Perhaps 270 mourners squeezed in to the cosy Methodist chapel on the corner of Horse Market, with another 70 or so just outside. It was more people than the young Hannah Hauxwell would have seen in a year.
The final journey of the first lady of the Dales took place in the early spring sunshine of Barnard Castle. Ten miles down the road, at Hannah's old farm, it was still winter.
A snow had fallen the previous night, just as it had in 1973 when, before the TV cameras, Hannah broke the nation's heart as she chipped the ice on the trough so her beasts could eat. She had barely food herself and no power or water.
She was the last survivor of an earlier generation of Dales farmer - a lone woman left to tend the land alone. Ten of our miles were a hundred of hers.
Her funeral was just as she planned it. She chose not only the hymns but also the music.
"She was truly a Yorkshirewoman," said the minister, Rev Beverly Hollings. "She remained so even when they moved the border into County Durham."
A few people lined the streets as her simple pine coffin, white roses and two walking crooks on top, was carried into the church.
Hannah had moved to the town after the difficult decision to leave the farm at Low Birk Hatt that had been her home since childhood.

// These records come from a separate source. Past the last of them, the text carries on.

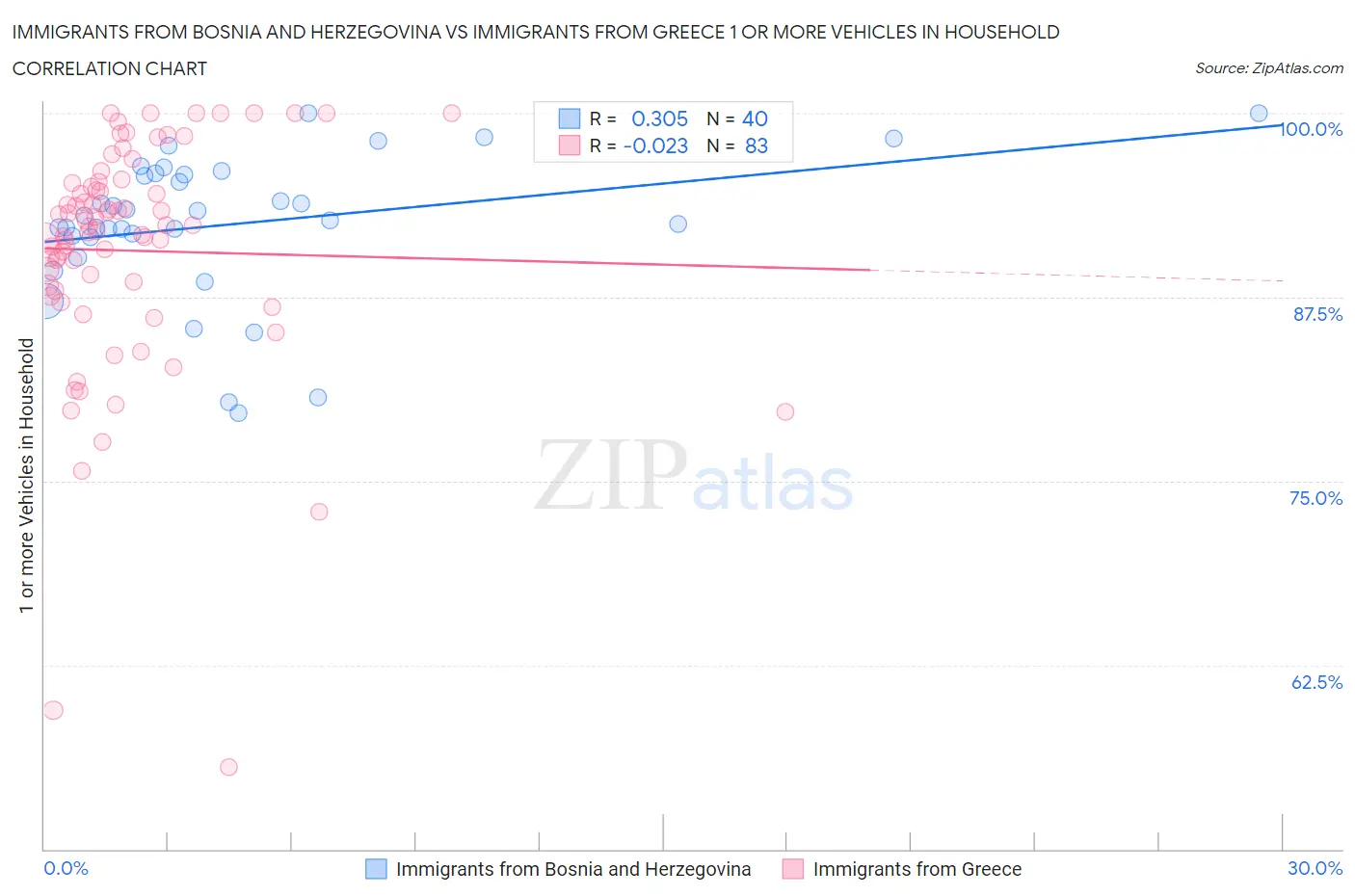 Immigrants from Bosnia and Herzegovina vs Immigrants from Greece 1 or more Vehicles in Household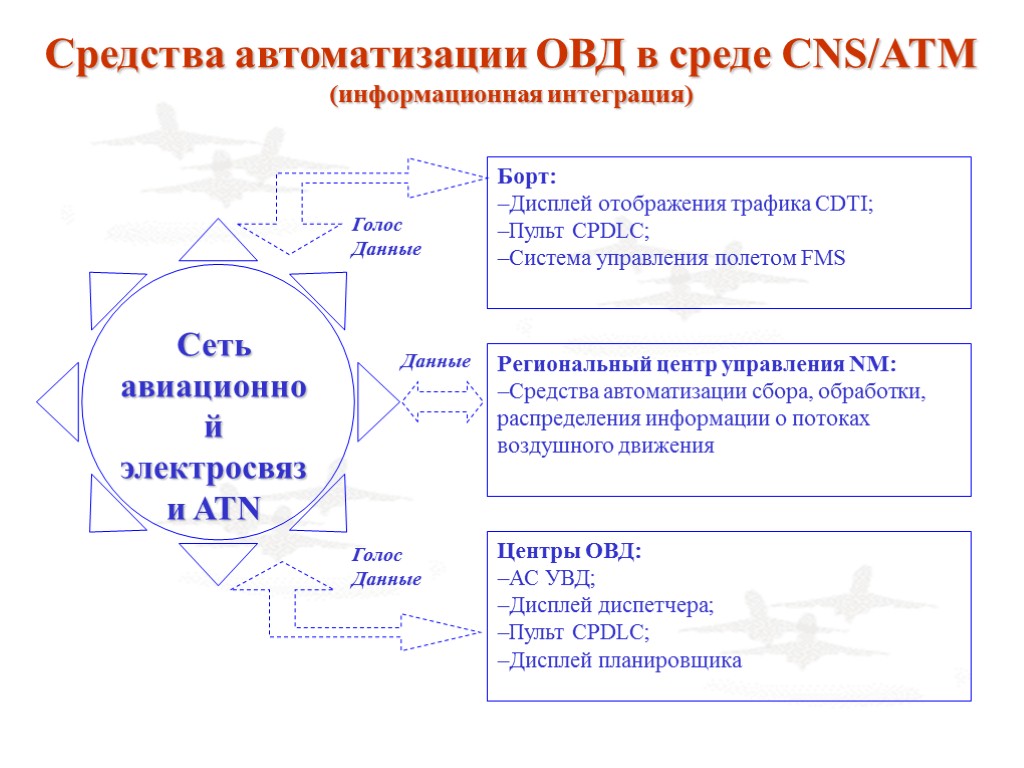 Метод автоматик. Концепция CNS/ATM. CNS ATM Авиация. Цели внедрения CNS ATM. CNS/ATM схема.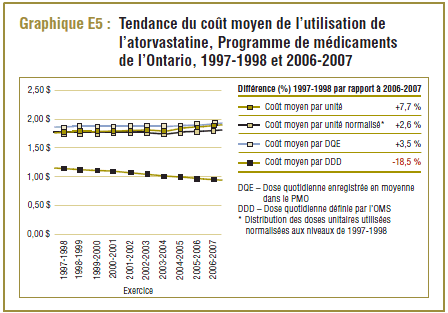 Graphique E5 : Tendance du coût moyen de l’utilisation de l’atorvastatine, Programme de médicaments de l’Ontario, 1997-1998 et 2006-2007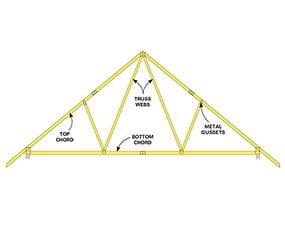 Most builders use common trusses for framing a garage.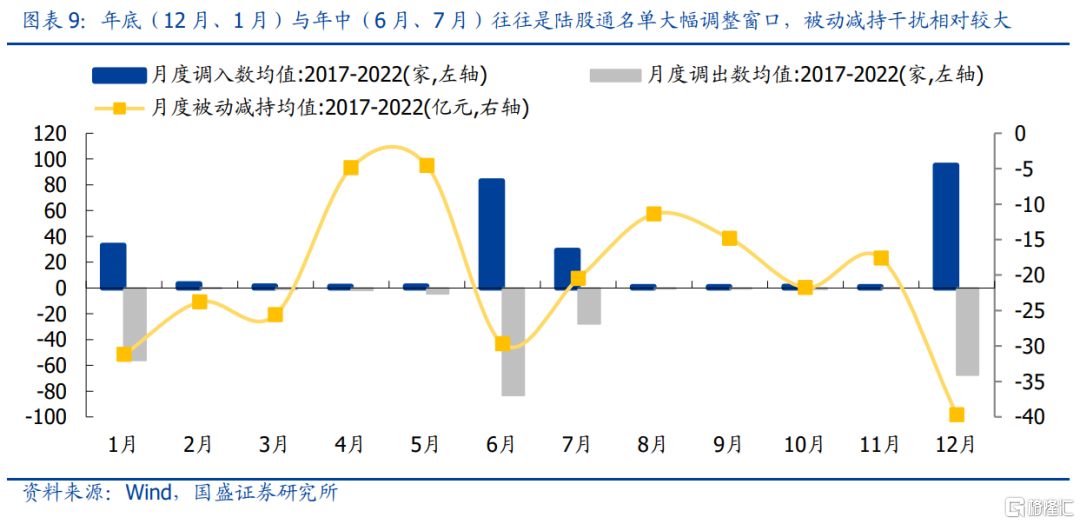 真正的外资增减持，如何识别?休闲区蓝鸢梦想 - Www.slyday.coM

When her mother and uncle died, she was the only one left there.
Another TV programme had been made, in which she shut the door on that part of her life, but it didn't tell the half of it, said Rev Hollings.
"When the camera went away, she went back in and sat on the only chair that was left and had to be coaxed out," she told the congregation.
In her new home, she had the modern comforts but she continued to hoard. "Everything was worth something to her," said the minister. "A paper bag, a margarine tub, everything."
She had written a few years ago that she was afraid of death but she never regretted her simple life.
"A big part of me is left here," she had said of the Yorkshire dale she loved. "There's nowhere else - there's nowhere like it."